Information supplied:
-- Opening Marker --
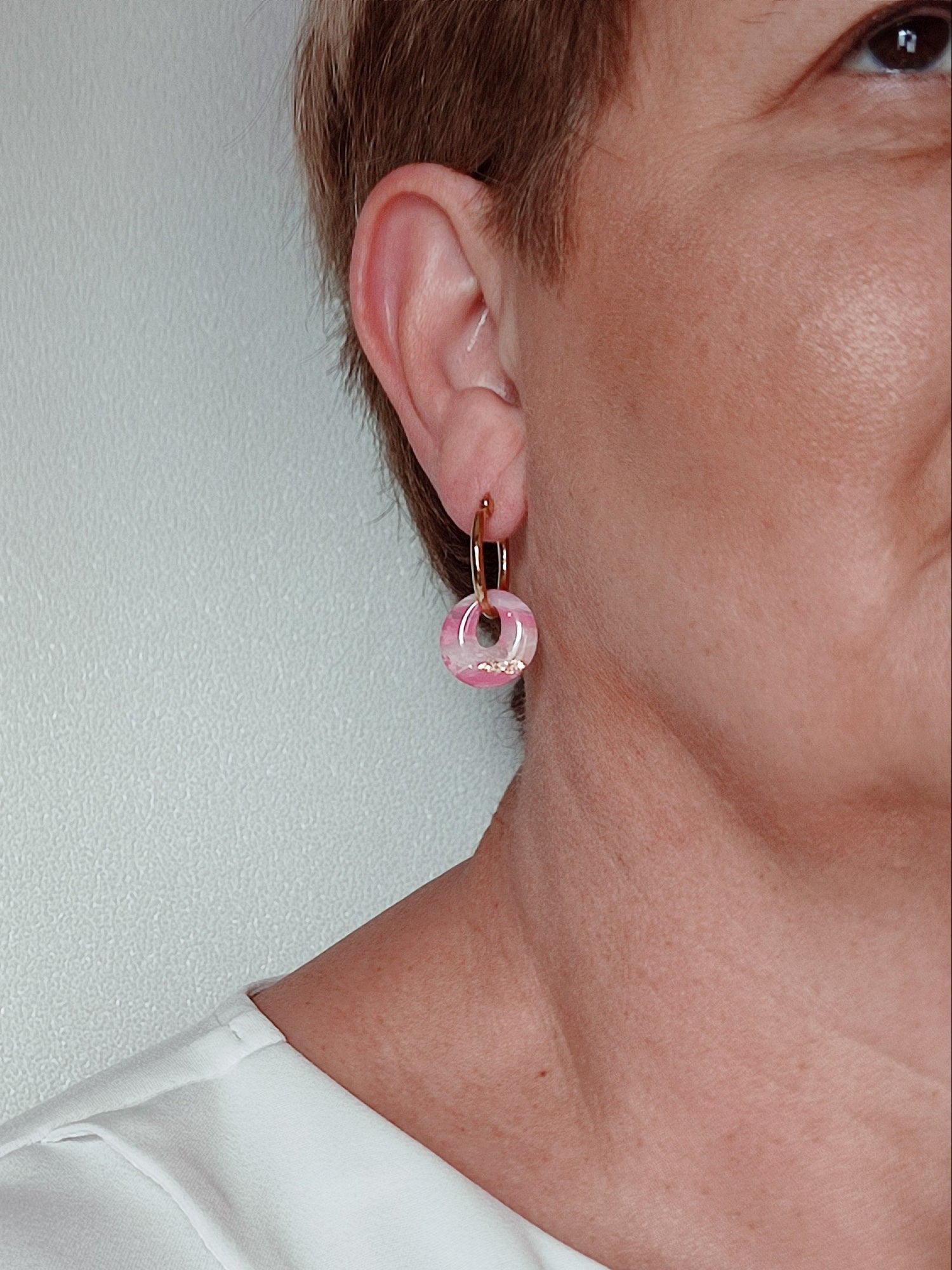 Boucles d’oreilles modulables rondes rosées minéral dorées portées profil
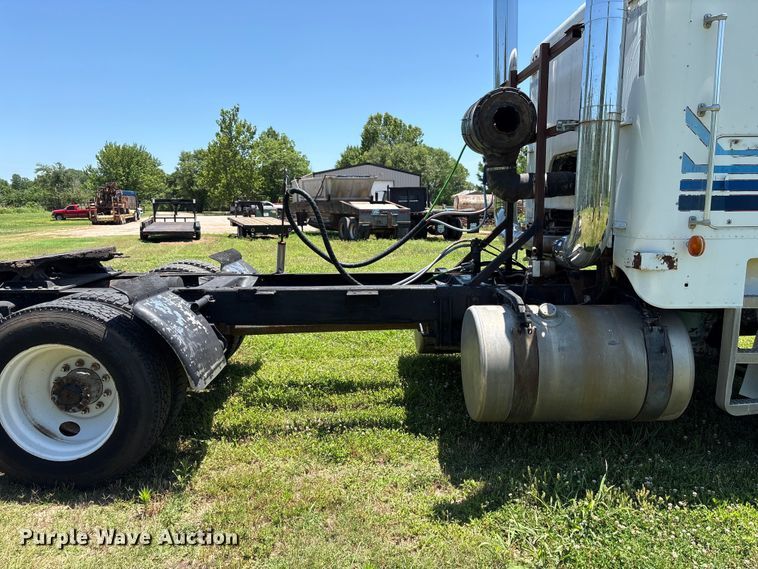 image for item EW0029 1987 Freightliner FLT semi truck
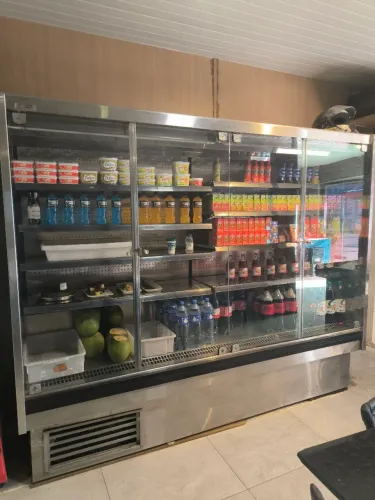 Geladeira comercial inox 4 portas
-- Closing Marker --
Work to be completed: Pictures stay out; everything else in the listing above is to be repeated exactly.

Response area:
 Boucles d’oreilles modulables rondes rosées minéral dorées portées profil
 image for item EW0029 1987 Freightliner FLT semi truck
 Geladeira comercial inox 4 portas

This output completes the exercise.